SUFFOLK (to Wolsey) Then, that without the knowledge
Either of King or Council, when you went
Ambassador to the Emperor, you made bold
To carry into Flanders the great seal.
SURREY (to Wolsey)
Item, you sent a large commission
To Gregory de Cassado, to conclude,
Without the King’s will or the state’s allowance,
A league between his highness and Ferrara,
SUFFOLK (to Wolsey)
That out of mere ambition you have caused
Your holy hat to be stamped on the King’s coin.
SURREY (to Wolsey)
Then, that you have sent innumerable substance—
By what means got, I leave to your own conscience—
To furnish Rome, and to prepare the ways
You have for dignities to the mere undoing
Of all the kingdom. Many more there are,
Which since they are of you, and odious,
I will not taint my mouth with.
LORD CHAMBERLAIN
O, my lord,
Press not a falling man too far. ’Tis virtue.

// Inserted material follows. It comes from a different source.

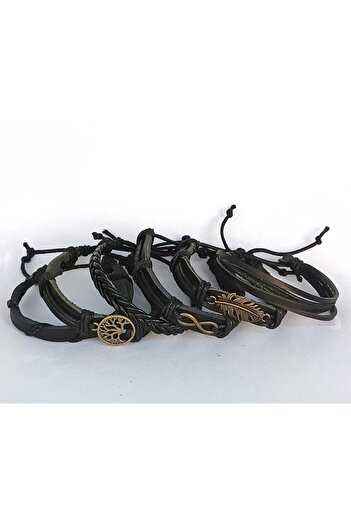 BSN Store 2 Set 12 Adet Sonsuzluk Hayat Ağacı Yaprak Antik Bronz Figürlü Hakiki Deri Bileklik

His faults lie open to the laws. Let them,
Not you, correct him. My heart weeps to see him
So little of his great self.
SURREY
I forgive him.
SUFFOLK
Lord Cardinal, the King’s further pleasure is—
Because all those things you have done of late,
By your power legantine within this kingdom,
Fall into th’ compass of a praemunire—
That therefore such a writ be sued against you,
To forfeit all your goods, lands, tenements,
Chattels, and whatsoever, and to be
Out of the King’s protection. This is my charge.
NORFOLK (to Wolsey)
And so we’ll leave you to your meditations
How to live better. For your stubborn answer
About the giving back the great seal to us,
The King shall know it and, no doubt, shall thank you.
So fare you well, my little good lord Cardinal.
Exeunt all but Wolsey
CARDINAL WOLSEY
So farewell—to the little good you bear me.
Farewell, a long farewell, to all my greatness!
This is the state of man. Today he puts forth
The tender leaves of hopes; tomorrow blossoms,
And bears his blushing honours thick upon him;
The third day comes a frost, a killing frost,
And when he thinks, good easy man, full surely
His greatness is a-ripening, nips his root,
And then he falls, as I do. I have ventured,
Like little wanton boys that swim on bladders,
This many summers in a sea of glory,
But far beyond my depth; my high-blown pride
At length broke under me, and now has left me
Weary, and old with service, to the mercy
Of a rude stream that must for ever hide me.
Vain pomp and glory of this world, I hate ye!
I feel my heart new opened. O, how wretched
Is that poor man that hangs on princes’ favours!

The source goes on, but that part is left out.